Far from the evil, supernatural spirit BOB is depicted as in the series, Lynch presents him as more of an imagined mask Laura projects onto her father, Leland, in an attempt for her to cope with his incestuous night visits by moving the blame onto someone or something else. In the series, Leland was a relatively good-hearted man who BOB had possessed as a child, absolved by the saintly Cooper as he lays dying. In FWWM, Leland is a monster who hides behind Laura's projection of BOB in order to murder those that witness the true horror he is capable of. Lynch reveals that Leland not only murdered Banks but that he knew her well. He conducted an affair with her for a time before Banks attempts to extort him after she finds out that her associate, Laura (a connection never before established), is his daughter. Leland eliminates the threat Banks represents, but becomes fascinated with the double life he learns his daughter is leading. Recognizing a kindred spirit, he comes on to her more vigorously. Despite some odd histrionics played out over the dinner table (reminiscent of Nicholas Ray's Bigger Than Life) over clean finger nails, Laura continues to live in denial that it is her father who molests her. Even after witnessing Leland exit their house after a moment where the the only person she spied at home was BOB, it is only later in the film in an irrefutable moment in when BOB lays between her legs that she allows herself to see Leland as the monster who stole her innocence. I've always imagined that for viewers unfamiliar with the show, this climax is as shocking as the scene where Leland murdered Maddie. It's a scene that recasts the entire series in a different light.

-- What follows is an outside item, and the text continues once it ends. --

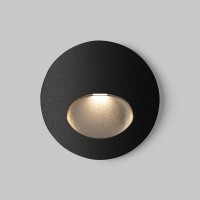 YENY WL 3W Vestavné venkovní svítidlo do stěny, těleso kov, povrch bílá/černá, LED 3W, 60lm, teplá 3000K, Ra80, 230V, IP54, rozměry d=70mm, svítí dolů.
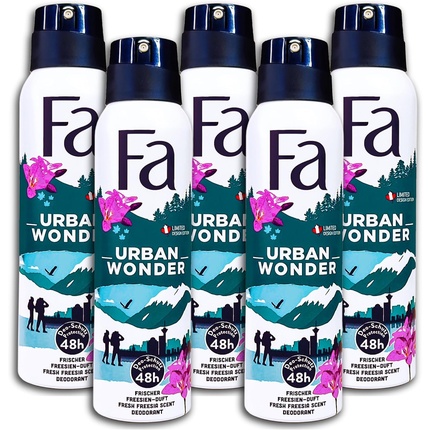 

Fa Deo Spray Urban Wonders Зимний выпуск 150 мл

Perhaps the most telling scene in the film is its opening, in which a slow zoom-out from a TV set ends with a club crashing down upon it. Lynch constantly thwarts any attempts to appease the shows fans and their questions about Cooper and Annie's ultimate fates while still reminding them that those loose ends are still dangling in a dream of Laura's midway through the film. Twenty years later, Twin Peaks: Fire Walk with Me holds up far better than it did so soon after the series had been cancelled. FWWM is a pivot point in Lynch's career where the director first moved away from centering on male protagonists—such as Jeffrey in Blue Velvet and Sailor in Wild at Heart—and looked forward to focusing on female protagonists such as Mulholland Drive's Betty and Inland Empire's Nikki, women whose mental state—like Laura's—slowly unravels, their hallucinatory contents splayed onscreen for Lynch to pick through.